As we saw in Chapter 18, Cdc42 is also the master regulator that guides the polarization of migrating cells (see Figure 18-53), in which a similar type of feedback cycle also probably exists. As we will see, Cdc42 is involved in regulating many additional examples of cell polarity. It is important to note that in cases in which polarization needs to be more flexible, negative feedback loops ensure that the single site of polarization is not too strong, so that it can be redirected to another site on the cell surface upon receiving appropriate signals.
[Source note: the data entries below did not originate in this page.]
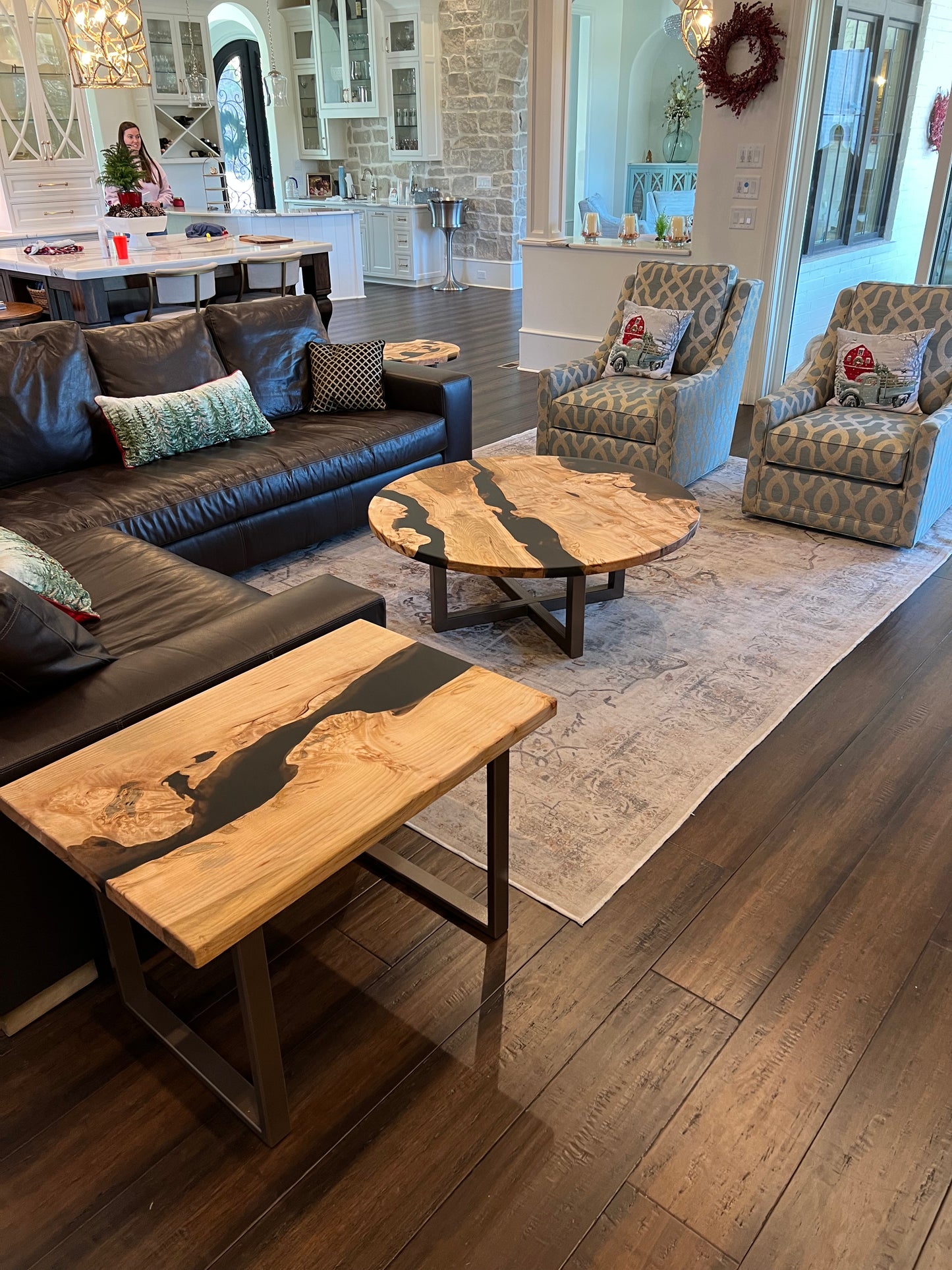 Custom Projects, Desks, Doors, Coffee Tables, Bar Tops, Islands, Entertainment centers, etc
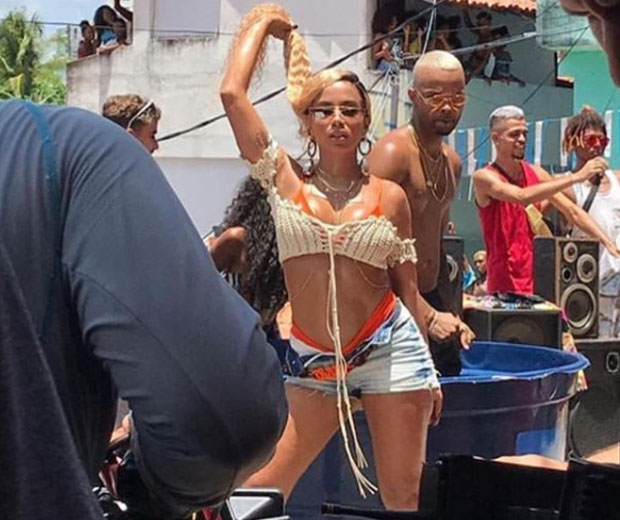 Anitta fica loira e tampa só parte do peito para gravar novo clipe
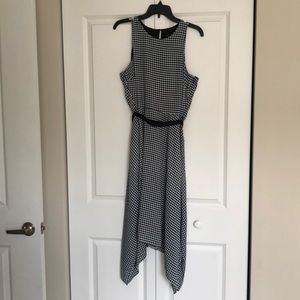 BR Black/white gingham dress with key hole closure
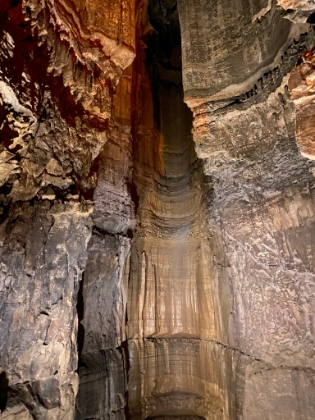 Mammoth Dome. A giant vertical shaft formed by an alternate water route. It's hard to get a sense of the scale here, but the shaft is almost 200' tall.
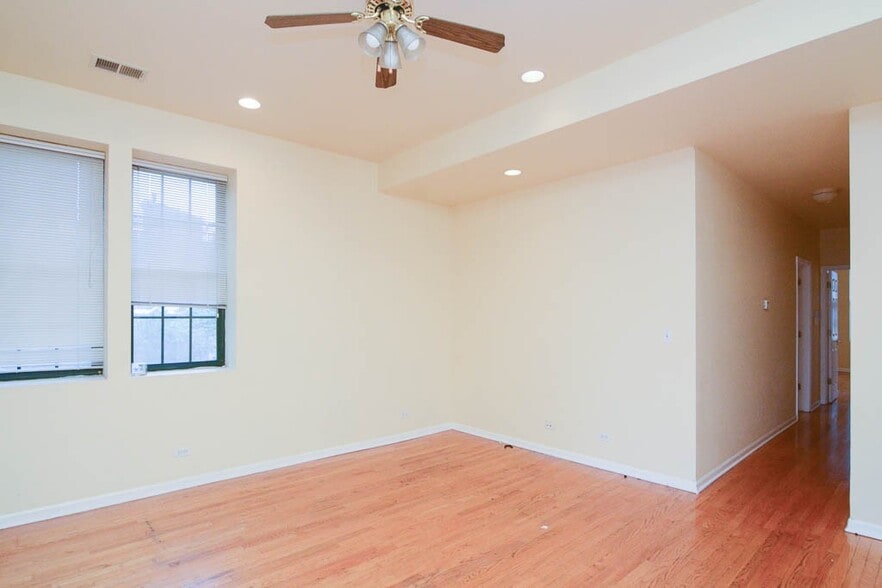 Building Photo - 218 W Division St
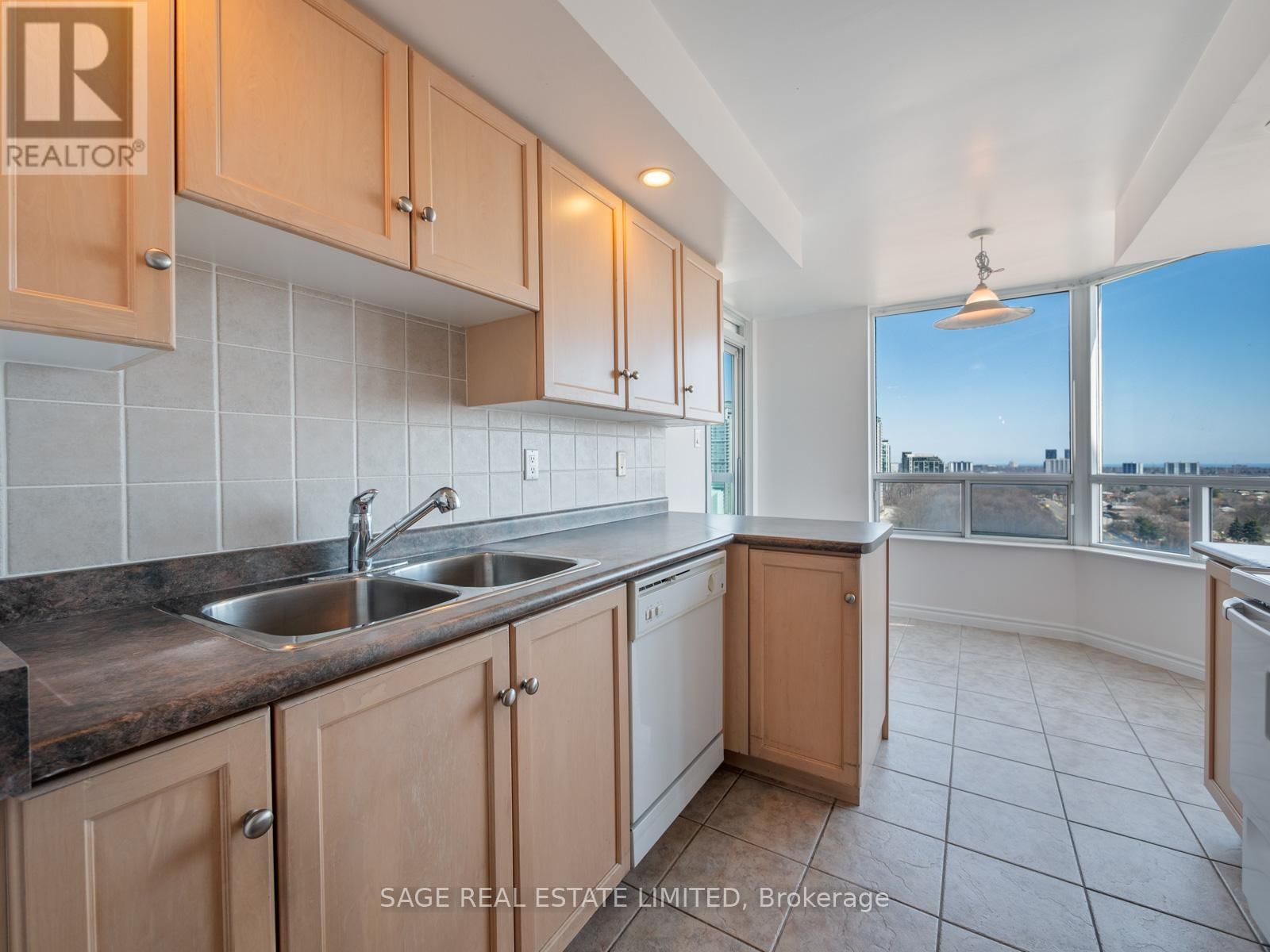 1935 - 125 OMNI DRIVE Image 23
For example, in addition to its fast-acting GEF, Cdc42·GTP might also recruit a slow-acting negative regulator that modulates the degree of positive feedback. In fact, yeast Cdc42 recruits a kinase that phosphorylates and inhibits the recruited Cdc42-GEF, thereby introducing a negative feedback loop. Thus the local concentration of Cdc42·GTP builds up fast, then levels off or disappears as the slower negative regulator comes into play. The biochemical basis of these positive and negative feedback loops is an active and important area of current research. As we will see, specific cues normally guide these intrinsic polarity programs, which in turn lead to the physical polarization of the cell.